So I'm taking the last of my undergrad history courses right now, and one of the books that my professor assigned us is Adam Hochschild's Bury the Chains. We're six chapters in, and so far, Hochschild has centered British abolitionists (primarily Thomas Clarkson) in his accounting of the outlawing of the slave trade in England (I phrase it that way because we all, I assume, know that slavery itself didn't go anywhere after 1833).
Now, I might not be the best read Marxist, but I know enough to be skeptical of any claims of significant historical events being driven by the energy and moral force of "great" individuals rather than the ebb and flow of material reality, a claim Hochschild is definitely making here. He even quotes Emerson in saying "An institution is the lengthened shadow of one man."

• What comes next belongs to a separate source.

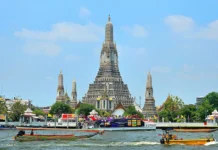 Bangkok Offers Free River Boats for Songkran Songkran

Well! I couldn't let that nonsense go unargued, and since lambasting my professor would do no good, I'm here to ask if anybody happens to know the actual reasons the slave trade was outlawed, beyond vagaries about the industrial revolution and wage slavery. Gimme the real nuts and bolts.
That was probably it, right? Experience with factories showed that you could work people to death for a pittance, AND make it their problem to feed and clothe themselves.
The market had cooled off - enslaved populations were big enough in the New World to sustain themselves, which is why they felt comfortable banning the trade (but not the practice) decades earlier. Slavery wasn't popular at home with religious folks, and there was an expensive revolt in Jamaica that was probably the proximate cause. They had new sources of cheap labor in India that they could export to the colonies (see: Trinidad) under the wage model. So by that point there wasn't any reason to keep it.
I could've phrased that better, what I meant was I know those were the culprits, but I was hoping to pick this comm's brains for details. Which you've just provided a bit of, so thank you!